By Monday morning, Trump had repeatedly warned he was planning to invoke the 1807 Insurrection Act, which would grant further sweeping powers, including the ability to deploy the military, institute martial law, impose curfews, and suppress the right to protest. The administration has already sent 700 active duty Marines to deploy to Los Angeles, and Defense Secretary Pete Hegseth has threatened to send more Marines from another base in Southern California. Ordering these militarized ICE raids has now become the pretext to send the military into Los Angeles.

As the Trump administration carries out a blatant transfer of wealth to billionaires, by slashing social services and eliminating many departments and programs that provide some assistance to the working class, he has escalated his very public attack on immigrants, trying to use these attacks as a wedge to divide the working class, and as a provocation for a more militarized response. He repeats the lies that immigrants are criminals who suck up the resources of communities. None of this is true.
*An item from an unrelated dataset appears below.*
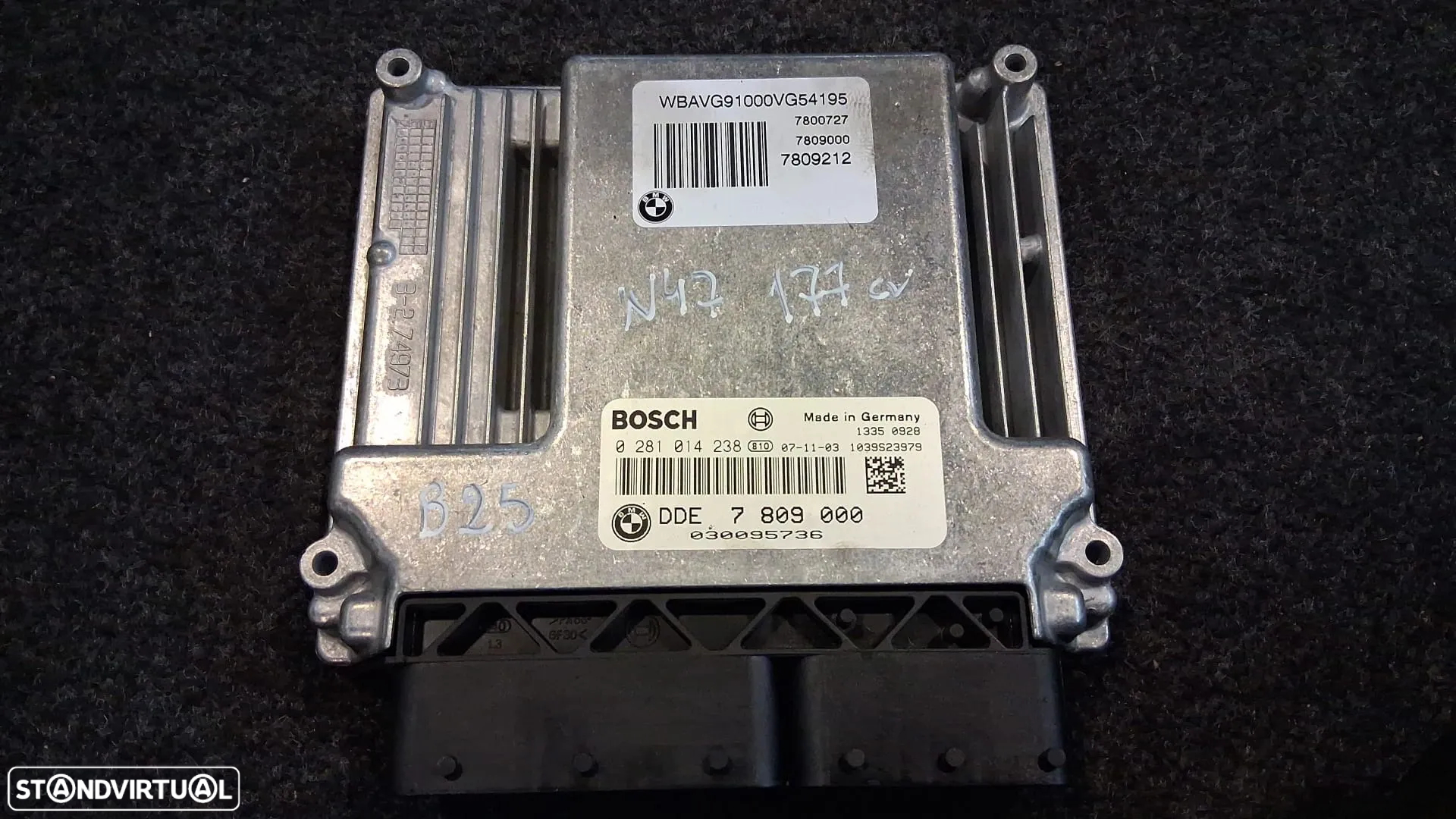 Centralina Motor BMW N47 E81 E87 E90 E91 E60 E61 - 4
Immigrants are workers, essential to the day-to-day functioning of the society. They have lived here for years, many for decades, working, raising families, often doing the most difficult and exploitative work in the country. They are grandparents, mothers, fathers, and children. They are not criminals. They are part of the working class.

These raids only serve to terrorize immigrant communities, to try to intimidate immigrant workers, to increase their vulnerability, and ultimately to increase their exploitation.

At the same time, the administration is trying to suppress all forms of dissent. There is no question that the decision to rely on armed ICE agents with armored vehicles to carry out highly publicized raids — now backed by the National Guard and the Marines — has the sole purpose to frighten people into submission, to try to get us to accept a generalize state of repression. Trump has made it very clear that he would like to arrest, round up and deport citizens in addition to immigrants — anyone who refuses to accept this blatant authoritarian rule of the billionaire class.

There is only one thing that stands in the way of their agenda. It is not the Democratic Party and the politicians and all of their empty threats and promises. It is not the courts with their drawn-out cases that end up going nowhere in appeal. It is us. No one is coming to save us. It is the working class that is under attack by this administration. It is the working class that has every reason to stand together and resist these attacks. And it is the working class — who does all of the work to make this system run — that has the power to stand together to resist these attacks.

These protests over the last few days in Los Angeles have shined a light on the violence of this system. These raids violently rip apart families. They go after workers living the most difficult lives in society. And they often target communities that have been abandoned and hollowed out, where young people, disproportionately Black and Latino, cities with many immigrant families, face uncertain futures, regularly terrorized by the police, facing a system of racism and violence. But many of these are also communities that have resisted, and stood up to law enforcement before.

The Los Angeles protests have shown the potential for a way to stand up. If we can unite our forces, bringing together all of the working class communities that are under attack — including the attacks on immigrants, on trans people, on Palestinians, on those impacted by the travel bans, the attacks on education, our health care, our libraries, and more — united together, we can fight back. As protests continue, spread to other cities, now is the time to unite our forces, and bring all of our various struggles together in defense of immigrants. If we can stand together in defense of immigrants, and refuse to let them divide us, we can push back against Trump and this whole rotten system that is designed to exploit us.